- _WHAT YOU WILL DO_: When the line containing "2025 Toyota RAV4 XLE photo 1" appears in the entries below, begin printing there and stop after the line containing "LOEWE-PUZZLE-Cream & White"; print each of those lines exactly and no other line.

- _MATERIAL SHOWN_:

========================

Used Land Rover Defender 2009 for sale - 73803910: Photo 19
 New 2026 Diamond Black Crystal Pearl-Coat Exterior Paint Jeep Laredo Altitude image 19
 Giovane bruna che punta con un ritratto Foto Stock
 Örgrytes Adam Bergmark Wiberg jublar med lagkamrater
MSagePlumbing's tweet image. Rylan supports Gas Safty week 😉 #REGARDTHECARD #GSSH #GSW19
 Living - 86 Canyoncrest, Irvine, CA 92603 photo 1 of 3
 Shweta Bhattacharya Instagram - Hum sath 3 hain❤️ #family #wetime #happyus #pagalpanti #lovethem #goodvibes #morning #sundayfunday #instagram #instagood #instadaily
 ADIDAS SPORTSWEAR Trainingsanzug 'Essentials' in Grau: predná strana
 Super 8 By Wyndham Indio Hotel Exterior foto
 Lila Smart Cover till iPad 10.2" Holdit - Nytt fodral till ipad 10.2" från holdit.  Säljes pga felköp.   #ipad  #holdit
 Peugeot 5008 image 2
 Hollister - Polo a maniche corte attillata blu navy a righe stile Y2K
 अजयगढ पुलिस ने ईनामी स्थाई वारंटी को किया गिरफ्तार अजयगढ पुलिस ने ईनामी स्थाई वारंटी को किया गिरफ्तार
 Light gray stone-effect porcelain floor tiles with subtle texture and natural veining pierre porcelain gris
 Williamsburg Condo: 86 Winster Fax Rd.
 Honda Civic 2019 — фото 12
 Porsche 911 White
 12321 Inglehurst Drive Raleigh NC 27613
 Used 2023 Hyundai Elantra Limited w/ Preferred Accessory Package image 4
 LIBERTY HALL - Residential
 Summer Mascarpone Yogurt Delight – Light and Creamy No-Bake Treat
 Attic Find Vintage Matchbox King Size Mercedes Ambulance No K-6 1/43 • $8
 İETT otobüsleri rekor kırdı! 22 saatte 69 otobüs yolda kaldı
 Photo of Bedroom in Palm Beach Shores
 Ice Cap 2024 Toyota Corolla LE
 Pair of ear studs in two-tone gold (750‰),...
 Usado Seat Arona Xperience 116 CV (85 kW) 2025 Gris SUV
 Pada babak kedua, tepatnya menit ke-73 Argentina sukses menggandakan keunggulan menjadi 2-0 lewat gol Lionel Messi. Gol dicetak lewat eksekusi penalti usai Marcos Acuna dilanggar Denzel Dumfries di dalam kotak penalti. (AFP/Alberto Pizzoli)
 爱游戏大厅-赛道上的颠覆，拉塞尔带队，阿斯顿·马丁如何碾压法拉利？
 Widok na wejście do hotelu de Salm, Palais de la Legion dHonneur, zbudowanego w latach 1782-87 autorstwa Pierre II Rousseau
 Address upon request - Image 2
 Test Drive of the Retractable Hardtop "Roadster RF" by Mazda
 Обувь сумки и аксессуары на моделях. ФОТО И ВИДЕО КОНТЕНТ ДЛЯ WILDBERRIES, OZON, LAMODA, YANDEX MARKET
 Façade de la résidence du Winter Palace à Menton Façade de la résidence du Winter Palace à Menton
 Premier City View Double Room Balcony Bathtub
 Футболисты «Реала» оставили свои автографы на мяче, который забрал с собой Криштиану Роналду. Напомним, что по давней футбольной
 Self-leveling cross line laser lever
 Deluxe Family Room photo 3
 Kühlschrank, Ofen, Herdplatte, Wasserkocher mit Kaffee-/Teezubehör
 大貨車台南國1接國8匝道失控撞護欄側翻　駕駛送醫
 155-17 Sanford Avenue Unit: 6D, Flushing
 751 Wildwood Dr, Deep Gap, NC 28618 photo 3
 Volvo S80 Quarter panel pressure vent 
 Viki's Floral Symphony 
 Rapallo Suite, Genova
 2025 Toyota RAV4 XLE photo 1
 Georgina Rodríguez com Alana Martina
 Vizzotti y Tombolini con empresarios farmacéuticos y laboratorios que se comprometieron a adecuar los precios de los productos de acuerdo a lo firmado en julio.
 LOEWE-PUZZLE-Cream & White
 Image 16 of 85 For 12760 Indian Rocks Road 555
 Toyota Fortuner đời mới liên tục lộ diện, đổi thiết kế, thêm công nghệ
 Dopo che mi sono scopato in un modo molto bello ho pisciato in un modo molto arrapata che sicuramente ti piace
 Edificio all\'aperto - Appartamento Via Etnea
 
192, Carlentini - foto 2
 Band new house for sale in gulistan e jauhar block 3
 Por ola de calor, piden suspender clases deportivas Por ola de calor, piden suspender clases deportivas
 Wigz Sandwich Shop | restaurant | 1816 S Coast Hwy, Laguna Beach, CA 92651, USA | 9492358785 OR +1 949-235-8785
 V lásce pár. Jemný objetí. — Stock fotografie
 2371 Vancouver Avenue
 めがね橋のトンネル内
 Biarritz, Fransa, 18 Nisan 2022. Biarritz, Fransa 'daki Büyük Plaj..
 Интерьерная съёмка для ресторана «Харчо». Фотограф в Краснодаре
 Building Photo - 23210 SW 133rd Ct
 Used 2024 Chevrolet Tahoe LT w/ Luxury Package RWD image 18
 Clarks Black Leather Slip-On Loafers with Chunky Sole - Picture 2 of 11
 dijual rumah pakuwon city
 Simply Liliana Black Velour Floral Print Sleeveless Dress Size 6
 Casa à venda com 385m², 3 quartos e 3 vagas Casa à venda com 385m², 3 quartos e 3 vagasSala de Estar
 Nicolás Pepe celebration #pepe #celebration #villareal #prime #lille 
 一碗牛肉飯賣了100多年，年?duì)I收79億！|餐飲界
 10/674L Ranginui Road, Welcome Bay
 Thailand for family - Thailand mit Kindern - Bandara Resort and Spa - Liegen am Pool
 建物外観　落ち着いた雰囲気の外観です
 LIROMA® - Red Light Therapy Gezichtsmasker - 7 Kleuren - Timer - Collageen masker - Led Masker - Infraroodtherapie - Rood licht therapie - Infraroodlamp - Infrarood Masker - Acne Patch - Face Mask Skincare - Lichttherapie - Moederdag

========================

- _YOUR RESPONSE_:
 2025 Toyota RAV4 XLE photo 1
 Georgina Rodríguez com Alana Martina
 Vizzotti y Tombolini con empresarios farmacéuticos y laboratorios que se comprometieron a adecuar los precios de los productos de acuerdo a lo firmado en julio.
 LOEWE-PUZZLE-Cream & White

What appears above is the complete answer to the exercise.